Japanese regulations on regenerative medicine are failing patients

Many nations around the world, including Japan, are making significant investments in regenerative medicine. This is largely due to its potential to cure people of spinal injuries and help with recovery from strokes, among other various anticipated benefits. However, it is growing increasingly difficult for patients to unambiguously distinguish regenerative medical therapies that are medically proven from those still undergoing scientific investigations.

To overcome these issues, Japan passed the Act on the Safety of Regenerative Medicine (ASRM) in 2014. However, a new study in Cell Stem Cell by Professor Misao Fujita and colleagues investigated the types of regenerative medicine being performed under the ASRM in Japan and found that revisions are necessary if it is to effectively prevent patients from mistakenly selecting unproven treatments.

Among regenerative medicines, applications of cell therapies have generated the most interest. Japan’s strength in stem cell research has pushed the country to aggressively fund many types of cell therapies in the hope of curing intractable diseases and putting Japan at the forefront of this potentially revolutionary patient care.

Indeed, many countries have seen extraordinary promise in cell therapies, but so too have many unethical clinics, which has led to serious complications and even death in more than a dozen countries, including Japan.

“The ASRM requires any provision plan for a therapy be accompanied by explanatory and informed consent documents. In 2017, revisions to the act required these documents be published on the MHLW (Ministry of Health, Labor and Welfare) website,” said Fujita.

In the study, Fujita and colleagues referred to the MHLW website for information about clinics offering cell interventions in Japan, collecting explanatory and informed consent documents on 3,467 provisional plans in total.

Alarmingly, the study found there were treatments on the website that would be subjected to international criticism. The study cautioned about three structural issues in the ASRM: the absence of a scientific verification requirement, the failure to distinguish research from treatments, and the absence of any clear definition for medical innovations and unproven interventions.

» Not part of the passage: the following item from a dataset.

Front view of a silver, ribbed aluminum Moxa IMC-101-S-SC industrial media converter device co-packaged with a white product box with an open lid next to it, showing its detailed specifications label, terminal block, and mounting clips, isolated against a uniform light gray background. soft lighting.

“The ASRM does not prohibit interventions so long as they follow the procedures stipulated by law,” said Fujita.

In other words, even if a treatment is scientifically unproven, it can be administered. Moreover, she worried, its presence on the MHLW website may provide what she calls a “seal of approval” that the treatment is safe and effective even when it actually is not.

Moreover, 2% of the examined plans failed to include the required explanatory documents, putting further doubt on the quality of the review process.

For Fujita, the study shows that the ASRM should address at least these three points before patients can be confident about the cell therapies provided under this law.

“The ASRM has already undergone revisions. We hope our study will guide more changes to strengthen its quality,” she said.